LONDON (AFP) — FIFA president Sepp Blatter has urged Manchester United to stop treating Cristiano Ronaldo like a 'modern-day slave' and let the Portuguese player join Real Madrid if he wants to.
Ronaldo, a boyhood Real fan, has been linked with a move to the Spanish capital since the end of last season even though he scored a hugely impressive 42 goals in all competitions last term as United won both the Premier League and Champions League trophies.
Wading into the protracted wrangle over the 23-year-old's future, Blatter said that the current practice of tying players to long contracts amounts to "modern slavery".
And he urged Manchester United and Real Madrid "to sit together" if Ronaldo wants a move to the Spanish club.
"The important thing is, we should also protect the player," Blatter told Sky News on Thursday.
"If the player wants to play somewhere else, then a solution should be found because if he stays in a club where he does not feel comfortable to play then it's not good for the player and for the club.
"I'm always in favour of protecting the player and if the player, he wants to leave, let him leave."
Blatter believes the issue raises questions about the way transfers and contracts are dealt with in the game.
"I think in football there's too much modern slavery in transferring players or buying players here and there, and putting them somewhere," he continued.
"We are trying now to intervene in such cases. The reaction to the Bosman law is to make long-lasting contacts in order to keep the players and then if he wants to leave, then there is only one solution, he has to pay his contract."
United issued a swift rebuke to Blatter's outburst, insisting that all their players were happy to sign contracts with the club and knew the consequences of entering into such an agreement.
A United spokesperson said: "All our players - like at other clubs - enter into their contracts after an open and free negotiation.
"Most of whom do after taking advice from a FIFA-registered agent.
"Many do so on a number of occasions and enjoy long and successful stays at Old Trafford."
UEFA's communications director William Gaillard, who serves as special advisor to European football governing body president Michel Platini, was also unimpressed by Blatter's outburst.
"It would be useful to remind people that slaves in all of the slavery systems never earned a wage," said Gaillard.
In contrast, Gaillard fears the Bosman ruling, which allows for free transfers at the end of contracts, has given players the upper hand and contributed to spiralling wages.
"It seems that both clubs and players are trying to negotiate an exit before the player is free," Gaillard said.
"It is a consequence of the Bosman ruling - there is nothing we can do about that.
"It is obvious that today players have a lot more power than they did 20 years ago, undoubtedly, and agents have a lot more power than they did 20 years ago.
"It is true that salaries are spiralling out of control.

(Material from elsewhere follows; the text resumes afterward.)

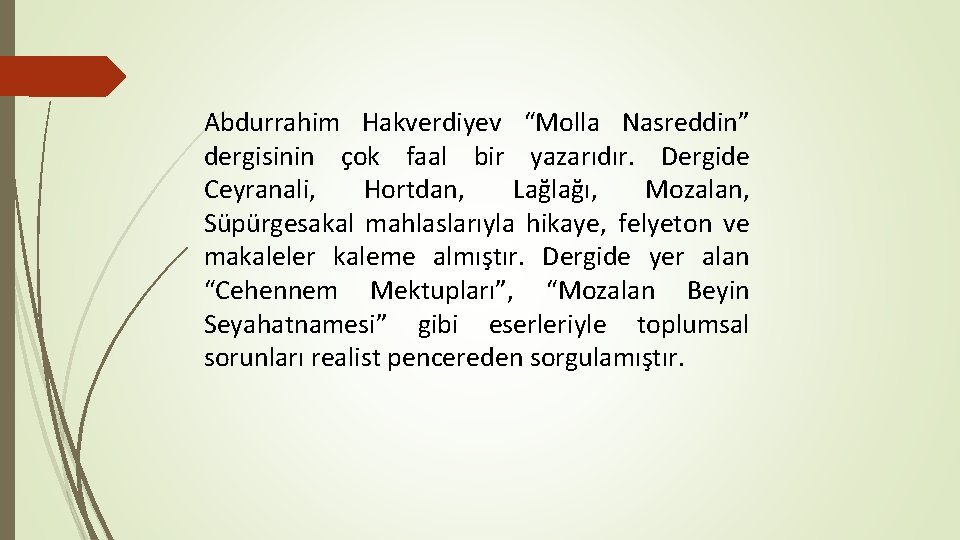 Abdurrahim Hakverdiyev “Molla Nasreddin” dergisinin çok faal bir yazarıdır. Dergide Ceyranali, Hortdan, Lağlağı, Mozalan,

Many clubs have pointed that out."
Meanwhile, Blatter went on to dismiss the Premier League's much-criticised '39th step' proposals, insisting plans to play competitive matches overseas - either in the league or domestic cups - was doomed to fail.
He said: "The 39th game as presented will never happen. To my knowledge what they (the Premier League) want to do is perhaps to play some of the League Cup matches somewhere outside of England. That's the last information I got.
"They should just forget about that."